As iPhone 6 Rumours Start, How Can Apple Keep Its Edge?

The phone manufacturer is expected to announce details of the new device in June this year.



The latest smartphones to hit the shelves, Samsung Galaxy S4 and HTC One, have both received rave reviews, and now all eyes have turned towards tech giant Apple, to see what the company has up its sleeve for this year.

Rumours of a new iPhone (iPhone 5s/iPhone 6) have started doing the rounds, and speculated features range from fingerprint sensors and a new home button to display and keyboard projectors and a transparent skin.

This video highlighting possible iPhone 6 concepts has received close to 60,000 views on YouTube. (Story continues after video)

While Apple is expected to announce details of the new phone in June, one thing is certain – the company has to stun to succeed.

Earlier this year, Apple CEO Tim Cook said the company was “hard at work on some amazing new hardware, software and services that we can’t wait to introduce this fall and throughout 2014 in exciting new product categories.”

“Apple will most likely respond with a new iPhone this year,” predicted Ashish Panjabi, COO of Jacky’s Group.

“Samsung hasn’t been benchmarking the Galaxy S4 against the iPhone 5 as they know this isn’t going to be Apple’s flagship device this year.
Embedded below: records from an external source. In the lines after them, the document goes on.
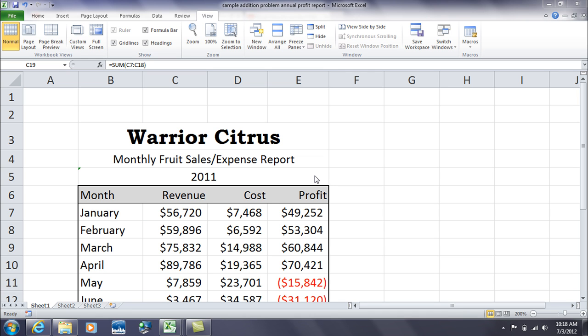Hello, this is Dr. Linda Davis, and today I want to go through the SUM function, which means you're going to add up a column or add up a row.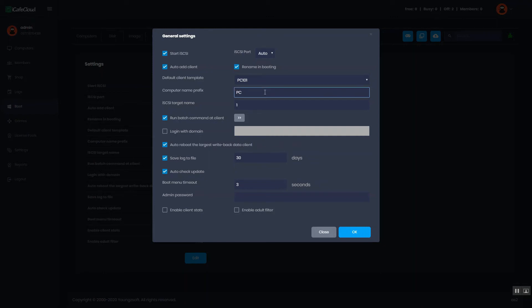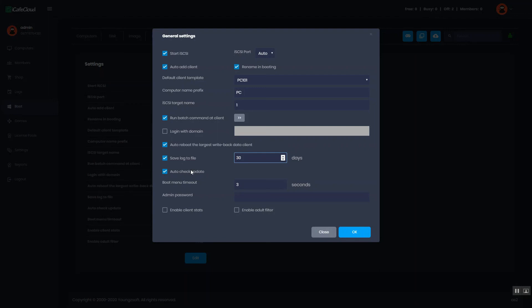Computer name prefix, run batch command at client, number of days to save log to file, auto check update, boot menu timeout, set admin password, etc.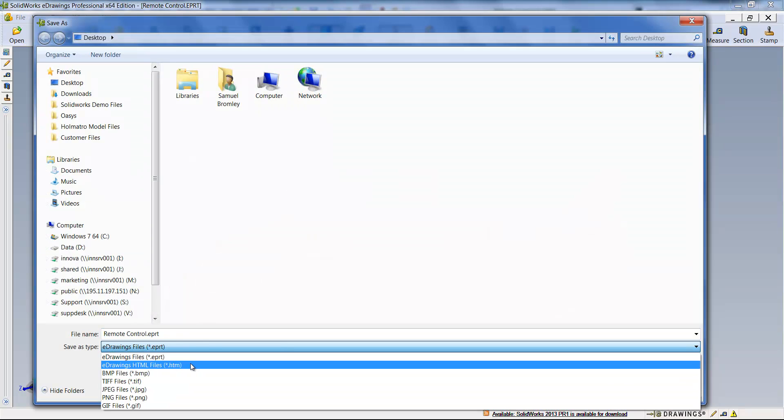It's a really neat way of translating and sending those files to someone that doesn't even have SolidWorks or eDrawings. So I hope this is a useful snippet video for you. Thanks for watching.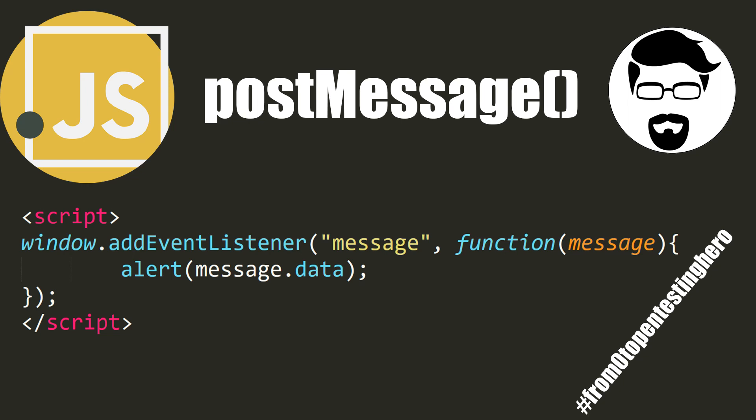Hi! In today's episode, we will talk about post message functionality that allows you to exchange data between different domains.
Rather whatever next iPhone comes from Apple will be the product that will be benchmarked against the Galaxy S4 so the ball is now in Apple’s court to come back and make us go WOW!,” he said.

With the smartphone market getting overcrowded, phone manufacturers have started scrambling desperately to win more customers. Almost every new release is eagerly anticipated by loyal fans, who look for innovative and creative new features.
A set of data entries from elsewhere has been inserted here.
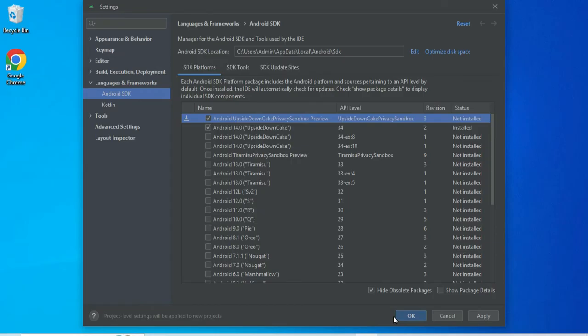So guys, this way you can install SDK on your system if SDK is missing.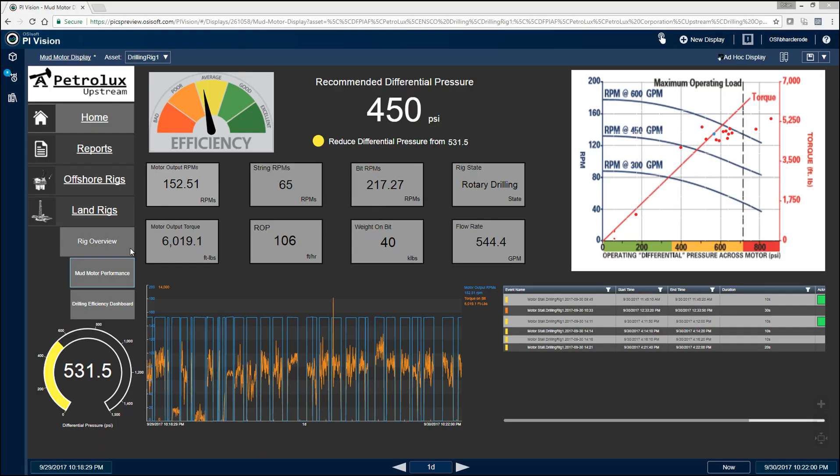One of the leading causes of downtime on a drilling rig are mud motor failures. So what we've done here with this dashboard is come up with an easy way for drilling engineers to be able to assess the performance of their mud motors.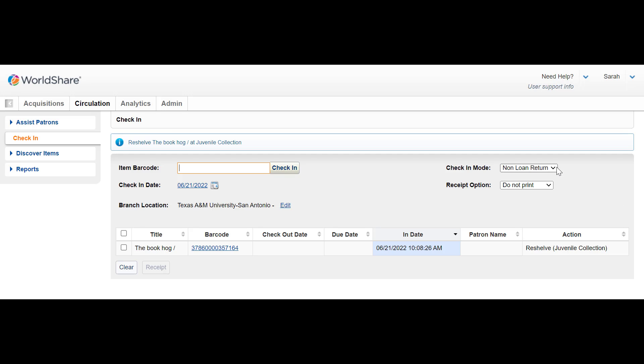Be sure to change the check-in mode back to auto when you are finished checking in all of the items you found left out in the library.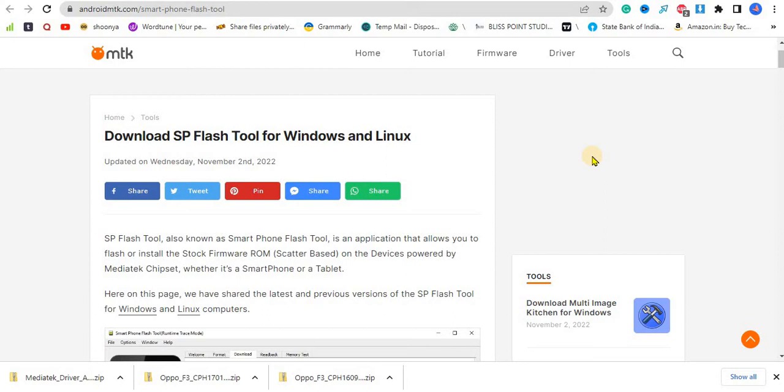Right now I'm using an Oppo F3 and I want to install a firmware ROM on it because I recently upgraded it to Nougat and it's not working great, so that's why I want to roll back to the previous version.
Samsung beat Apple last year to become the world’s number one smartphone maker, and enjoyed a 32.4 per cent marketshare as of the first quarter of this year, according to Tomi Ahonen Consulting Analysis.

Apple, which had a 17.6 per cent smartphone marketshare in Q1, announced its first quarterly profit drop in a decade this year. The company’s Q1 profit fell 18.1 per cent to $9.5 billion, down from $11.6 billion in the January to March period last year.

Following the news, Apple shares dipped below $400 on April 17.

Reports of Apple’s waning supremacy began to appear and analysts expressed serious concerns about the lack of any new product launches.

But according to Panjabi, the company has never focused on the short-term.

“If you look at it, the iPad was actually in development before the iPhone but came out three to four years later. In fact looking at Apple’s track record, every major innovation came out with a gap of a couple of years,” he explained.

“Unfortunately most shareholders have become impatient and expect innovations within months and not years which is unsustainable,” he added.

While the world awaits the new smartphone, Apple may have many more new and futuristic gadgets in store.

“We’ve heard of televisions and watches but there are other trends that we could see emerge or categories that Apple creates going forward,” said Panjabi.

“Wearable technology has been a buzz category whether it be the Google Glasses or Nike’s FuelBand. We’ve yet to see Apple refresh their Macbook lineup and even though Microsoft introduced touch on their Windows 8 platform, I have a feeling Apple may go a step further where they add something like voice recognition or gesture control alongside a touchscreen functionality in their MacBooks,” he added.